Hadley Wickham defines "tidy data" as follows:

- Each variable forms a column that contains values specific to that variable. 


- Each observation forms a row


- Each type of *observational unit* forms a table


A __variable__ contains all values that measure the same underlying attribute.


An __observation__ contains all values measured across attributes for a single "unit", __where the "unit" of observation is defined by your domain knowledge for the given data set__. (In other words, it is up to __you__ as a data analytics practitioner to specify how a valid observation should be defined for the data you are working with, and you need to use your __domain knowledge__ to help you come up with your definition of what constitutes a single __"observation"__.)


\*\* Note that __multiple variables may be part of a single 'tidy' observation__ \*\*: For example, a weather observation taken at a specific time of day might include measurements such as temperature, wind speed, relative humidity, and cloud cover.  The fact that they are all recorded together does not mean that the individual variable values need to be stored in separate rows. As long as they are housed within distinct columns and labeled properly, we can have multiple variables within a single 'tidy' observation.


### Attributes of "Messy" Data Sets

- 1) Column headers are __values__ instead of variable names.


- 2) Data values for multiple variables are contained within a single column.


- 3) Variables are found within __both__ rows and columns instead of being confined to a single column.


- 4) Multiple types of observational units have been placed within the same data table.

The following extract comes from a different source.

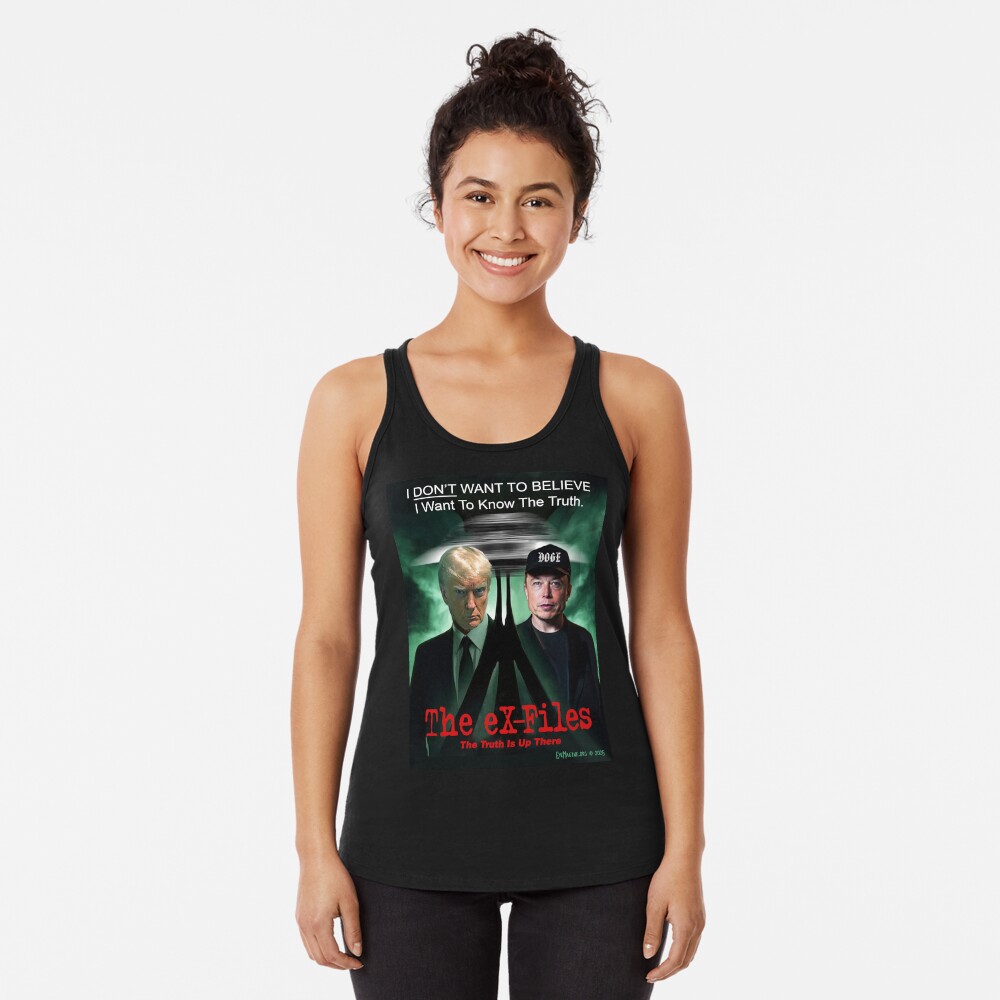 Item preview, Racerback Tank Top designed and sold by EyeMagined.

- 5) A single observational unit is spread across __multiple__ tables


For now, we're primarily concerned with items 1, 2, and 3.


__An example of "Messy" data transformed into "Tidy" format:__

http://www.jeannicholashould.com/tidy-data-in-python.html




<br>
<br>
<br>

__Another example of a "messy" data set: Data on two types of oils used in merchant marine shipping__

https://github.com/jtopor/DAV-5400/blob/master/Week9/OilDatacsv.csv

What's wrong with this data?


- Multiple observations in one row


- Multiple values in a single column (e.g., '170:103')

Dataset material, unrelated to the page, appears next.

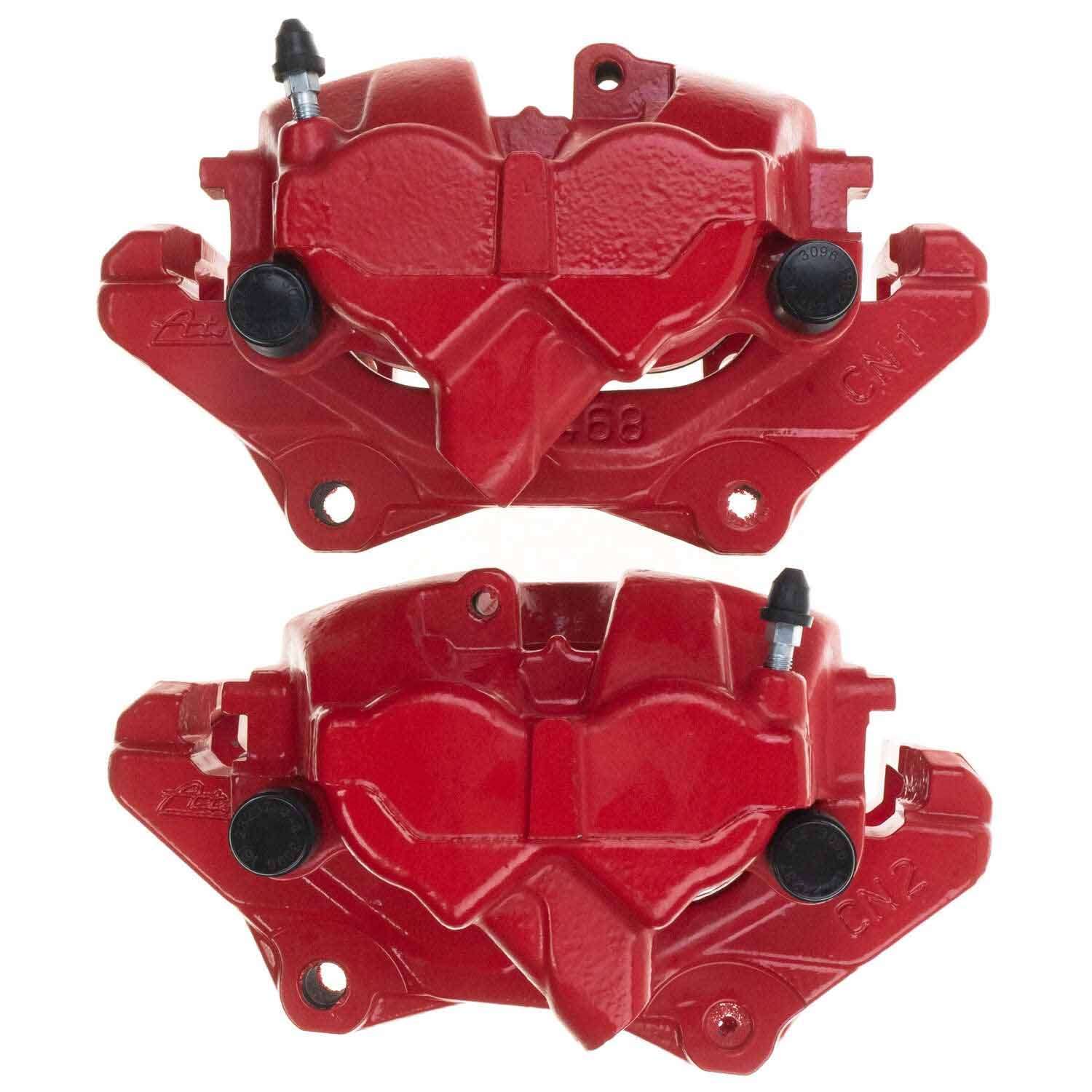 PowerStop Power Stop 06-05 Chrysler Crossfire Front Red Caliper - Pair S5098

What steps would we need to take to transform this data into a format that would be appropriate for analytics work?


In [1]:
import pandas as pd

In [2]:
oil_df = pd.read_csv("https://raw.githubusercontent.com/jtopor/DAV-5400/master/Week9/OilDatacsv.csv")
oil_df

Unnamed: 0,Month,Category,Caltex,Gulf,Mobil
0,Open,Engine Oil,140 : 000,199 : 000,141 : 000
1,,GearBox Oil,198 : 000,132 : 000,121 : 000
2,Jan,Engine Oil,170 : 103,194 : 132,109 : 127
3,,GearBox Oil,132 : 106,125 : 105,191 : 100
4,Feb,Engine Oil,112 : 133,138 : 113,171 : 101
5,,GearBox Oil,193 : 148,199 : 119,134 : 127
6,Mar,Engine Oil,184 : 100,141 : 141,114 : 108
7,,GearBox Oil,138 : 121,172 : 133,193 : 115
8,Apr,Engine Oil,149 : 150,117 : 118,117 : 118
9,,GearBox Oil,185 : 125,191 : 133,119 : 121


## What is "Wide" Format

In general a "wide" data set contains more columns than it does rows. However, for purposes of data analytics, a "wide" data set has the following characteristics:

- Multiple observations can be found within a single row.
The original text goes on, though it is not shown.